Privacy commissioner John Edwards says RNZ’s reporting raises “quite significant ethical questions” and sent mixed signals on what action he could take.

Nor did it preclude him from approaching the media bodies in his capacity as privacy commissioner about the matter, he said.

Edwards indicated he was also looking at some options to take direct action under his own statutory powers, before hesitating on that point and then declining to confirm that.

The Media Freedom Committee, which represents the senior editorial leadership of the country's major news and current affairs organisations, has been approached for comment.

RNZ head of news Richard Sutherland said RNZ did consider the risk that its report could play into the hands of ransomware attacks by highlighting the consequences that can follow from victims choosing not to suppress hacked information by paying ransoms, as well as the privacy issues.

“We did think very carefully about all those aspects and the final decision was that on balance it was important to get that story into the public domain.”
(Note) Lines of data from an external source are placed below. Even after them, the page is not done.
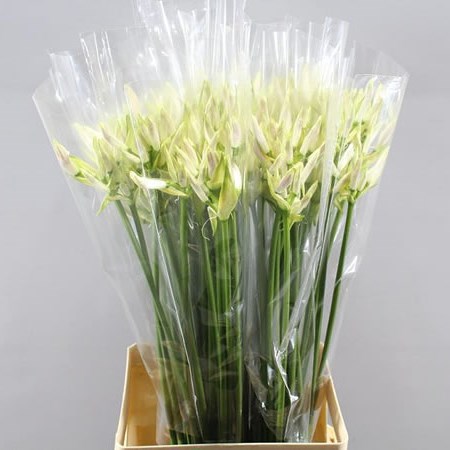 NERINE WHITE CHARM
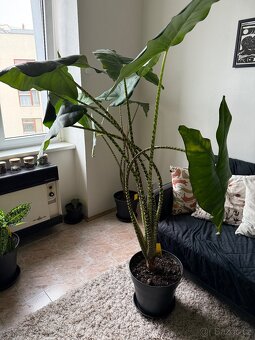 Alocasia Zebrina - 1,5 metra, obrovské listy - 4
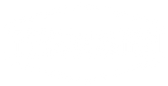TerraMaster logo
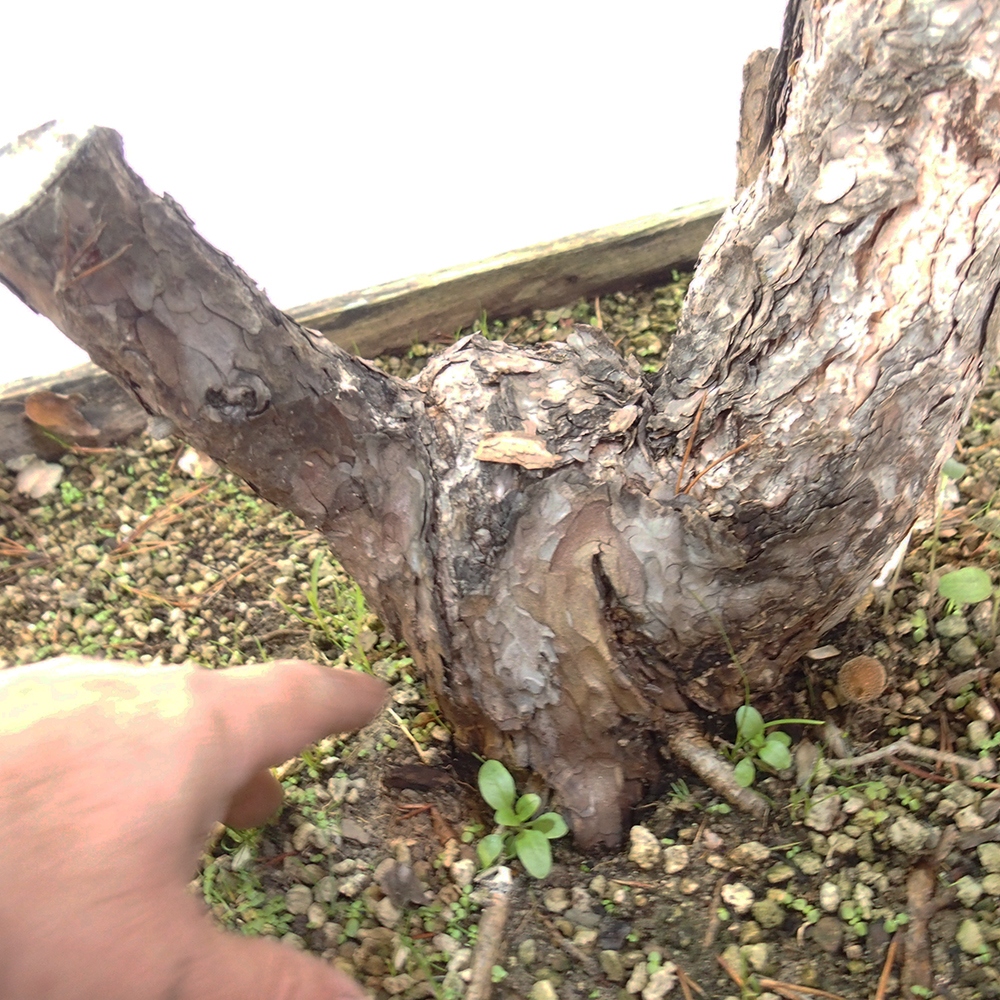 Yamadori - Pinus sylvestris Espagne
Sutherland said he didn’t know if the Waikato DHB hackers would be pleased by that choice.

“Are they pleased? I don’t know.

“I am not sitting here worried about what the hackers are thinking, I am worried about a young child that has been hung out to dry by a system that is supposed to look after them.”
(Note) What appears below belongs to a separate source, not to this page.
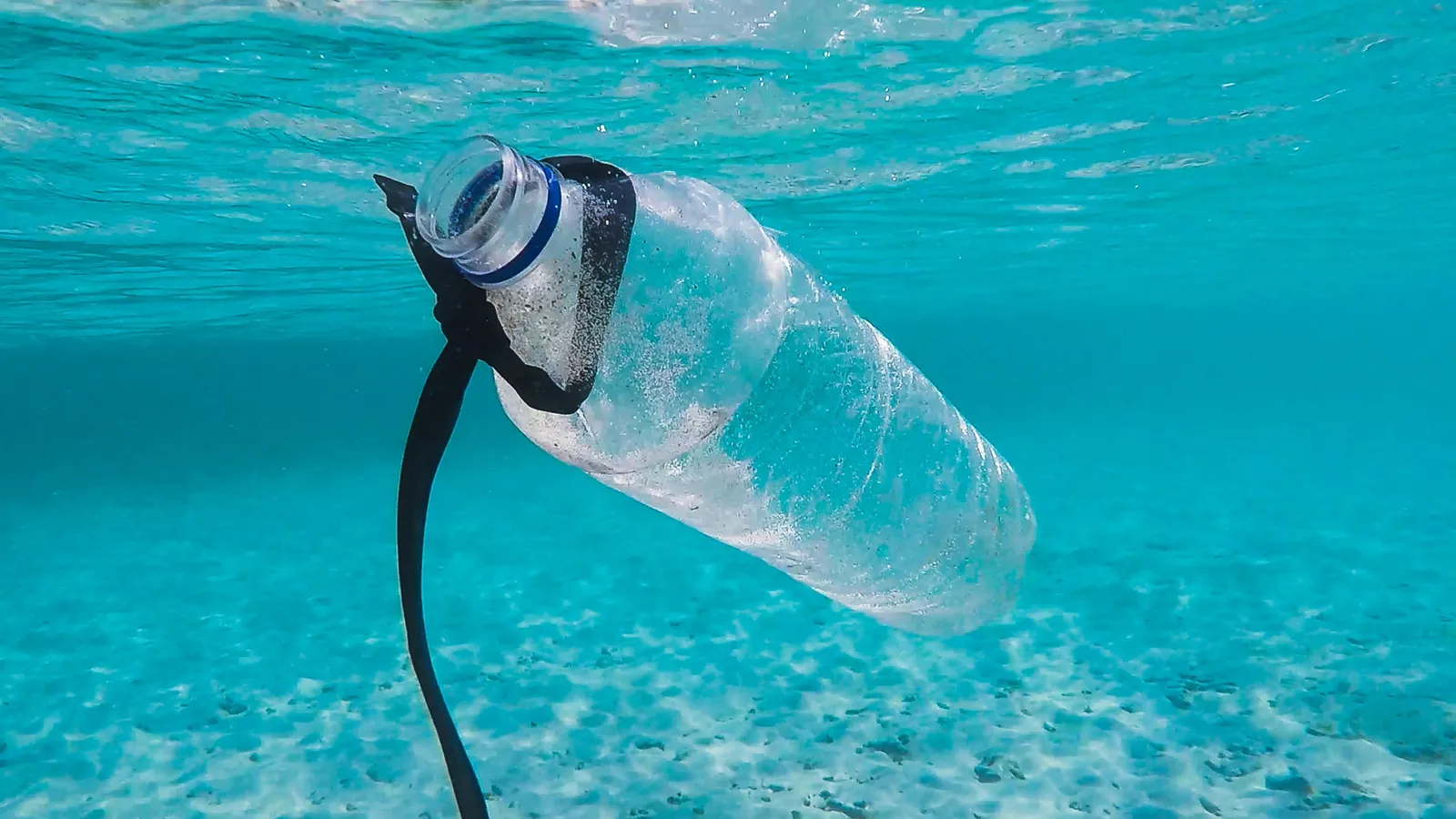 Plastic Soup Foundation foto 3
Sutherland noted RNZ’s report had resulted in an apology from Oranga Tamariki and the promise of an investigation by Minister for Children Kelvin Davis.

“On balance, I stand by and RNZ stands by the decision to publish,” he said.
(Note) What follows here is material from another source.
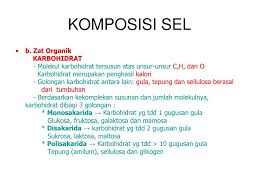 Pdf | indonesia dikaruniai keanekaragaman hayati dan tingkat endemisitas yang sangat tinggi. Komponen Sel Dr Prategrini Purwendahsricahyaprihatin Sucifaalinda Ppt Download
Sutherland disputed Edwards’ characterisation of it trawling through documents.

The document containing information about the child was one of a “small number of documents and files” that RNZ had accessed after they were leaked on the dark web by the attackers, he said.

RNZ had originally accessed those documents to confirm the authenticity of the leak, although he agreed it had then used that document for the different purpose of its news report.

Edwards was “more than welcome” to access any avenues that he thought he could to register his complaints or displeasure with RNZ’s reporting, he said.

Waikato DHB has indicated it expects to be able to provide more information about the ransomware attack and its response by October 28, by which time it expects its investigation to be complete.

At the moment it still did not have full access to all its IT resources, it said in response to an official information access request.

HealthAlliance, which provides IT services for the country’s four northern district health boards, including Auckland DHB, said it was continuing to investigate an incident involving “unusual activity” on its IT systems.

“The investigation remains ongoing and there are no further developments to add,” a spokesman said.